Puis l’affaire a été mise en délibéré au 14 janvier 2021, délibéré au cours duquel il a été rendu compte des débats à la Cour.

L’arrêt a été rendu le 14 janvier 2021.

EXPOSE DU LITIGE :

Monsieur B X, bénéficiaire du dispositif de préparation opérationnelle à l’emploi mis en place par le Pôle Emploi, a effectué une formation auprès de la SARL CAR SYSTEM RÉPARATIONS.

Cette formation de 400 heures s’est déroulée du 25 avril 2016 au 15 juillet 2016.

En contrepartie de la formation dispensée par la SARL CAR SYSTEM RÉPARATIONS à Monsieur B X, Pôle Emploi s’est engagé à verser à la SARL CAR SYSTEM RÉPARATIONS une aide d’un montant toutes taxes comprises de 2'000'€.

Au terme de la formation, le 20 juillet 2016, a été signé le bilan de préparation opérationnelle à l’emploi, et Monsieur B X a été engagé par contrat à durée déterminée de douze mois pour surcroît temporaire d’activité, par la SARL CAR SYSTEM RÉPARATIONS en qualité de technicien de réparation rapide, débosselage sans peinture, esthétique automobile, catégorie ouvrier.

Sa rémunération était de 1466,62 € bruts pour 151,67 heures mensuelles.
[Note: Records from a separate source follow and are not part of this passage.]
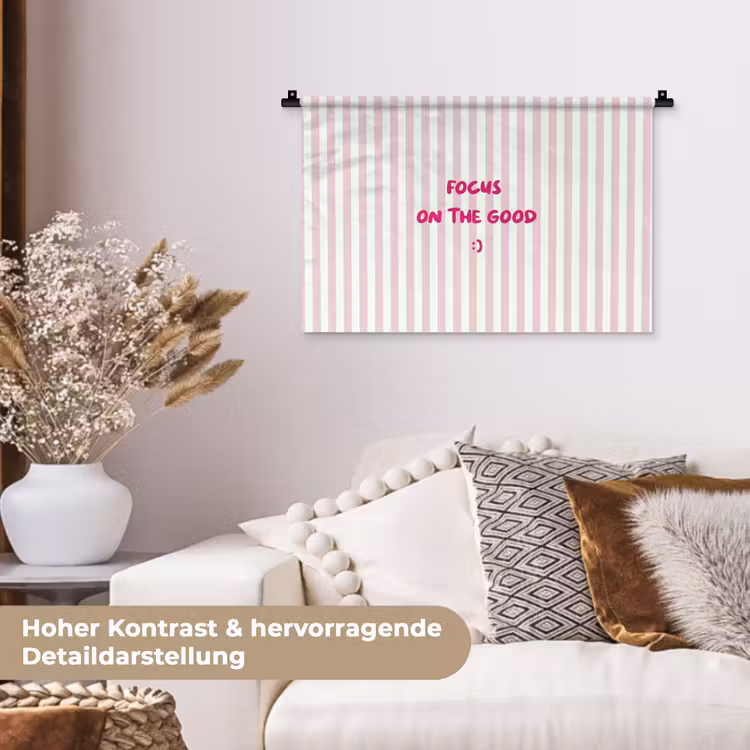 Focus on the good - Strepen - Roze - Smiley Wandkleed katoen klein -tsfeer1_DE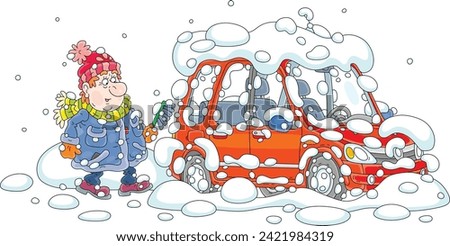 Funny man with an automobile brush cleaning his snow-covered car from snow in a yard of his house on a cold and snowy winter morning, vector cartoon illustration on a white background Imagine de stoc © 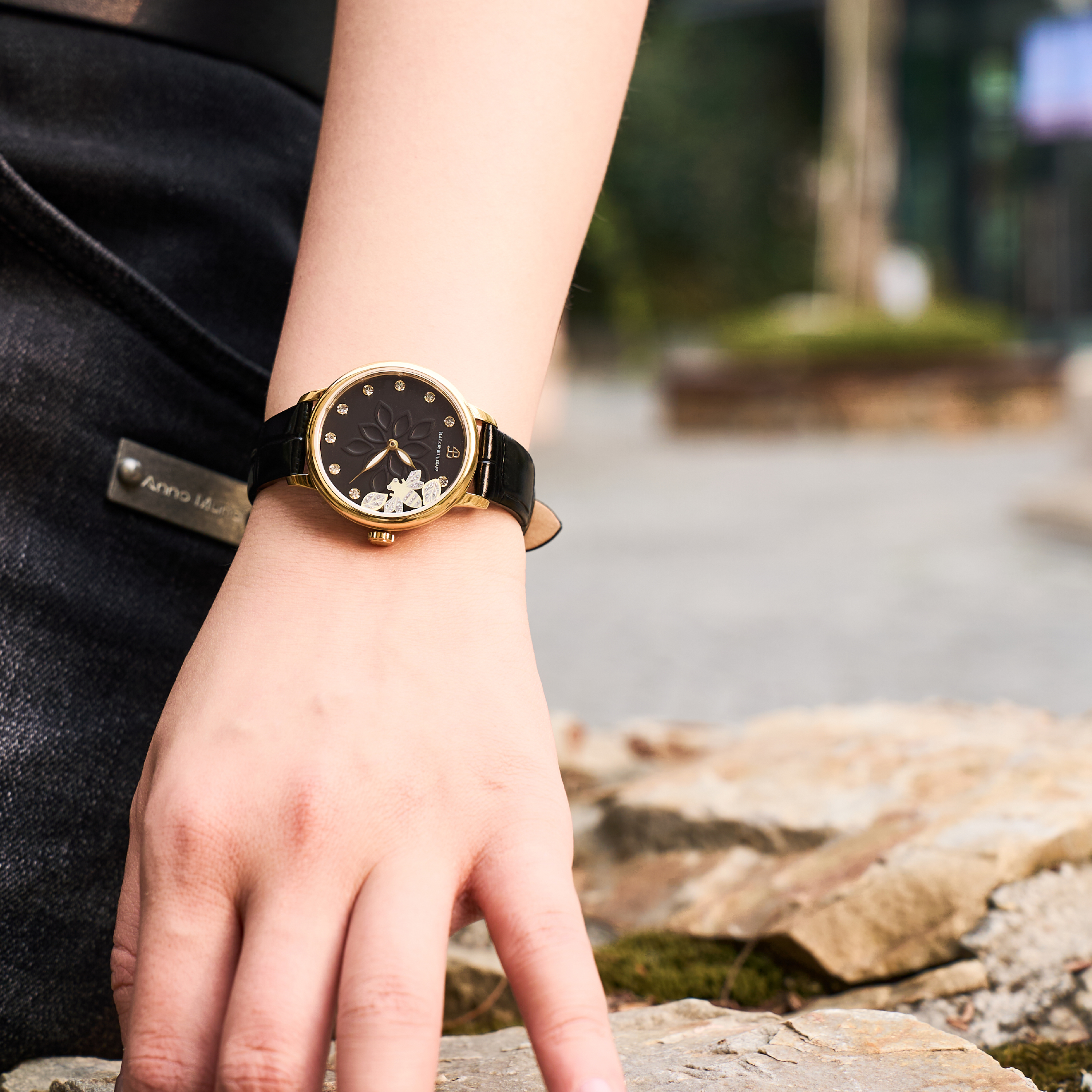 Water Lily 34mm Black Dial Moving Bees Leather Strap Watch - 4B11108 - wrist - Black By Blue Brave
Monsieur B X a été convoqué à un entretien préalable à un éventuel licenciement fixé au 07 octobre 2016.

Le 14 octobre 2016, la SARL CAR SYSTEM RÉPARATIONS a notifié la rupture anticipée de son contrat à durée déterminée pour faute grave.

Le 04 janvier 2017, Monsieur B X a saisi le conseil de prud’hommes de Bourgoin-Jallieu afin de contester la rupture de son contrat de travail à durée déterminée.

Par décision du 07 septembre 2017, le Conseil de prud’hommes de Bourgoin-Jallieu a :

— DIT que le licenciement de Monsieur B X était sans cause réelle et sérieuse ;

— CONDAMNÉ la SARL CAR SYSTEM RÉPARATIONS à verser à Monsieur B X les sommes suivantes :

—  1 759,94 € au titre de l’indemnité de précarité ;

—  13 441,01 € au titre des dommages-intérêts pour licenciement sans cause réelle et sérieuse ;

—  1000 € au titre de l’exécution déloyale du contrat de travail ;

—  1000 € au titre de l’article 700 du code de procédure civile ;

— DÉBOUTÉ les parties de leurs autres demandes, tant principales et subsidiaires, que reconventionnelles;

— DIT qu’il n’y avait pas lieu à exécution provisoire ;

— MIS les entiers dépens a la charge de la SARL CAR SYSTEM RÉPARATIONS.

La SARL CAR SYSTEM RÉPARATIONS a interjeté appel de la décision le 21 septembre 2017.

Par acte en date du 18 novembre 2019, Monsieur B X a fait appeler en intervention forcée l’UNEDIC DÉLÉGATION DE l’AGS D’ANNECY aux fins de lui voir déclarer la décision à intervenir commune et opposable.

Par conclusions du 28 juillet 2020, la SELARL MJ ALPES est intervenue volontairement à l’instance en sa qualité de commissaire à l’exécution du plan de la SARL CAR SYSTEM RÉPARATIONS.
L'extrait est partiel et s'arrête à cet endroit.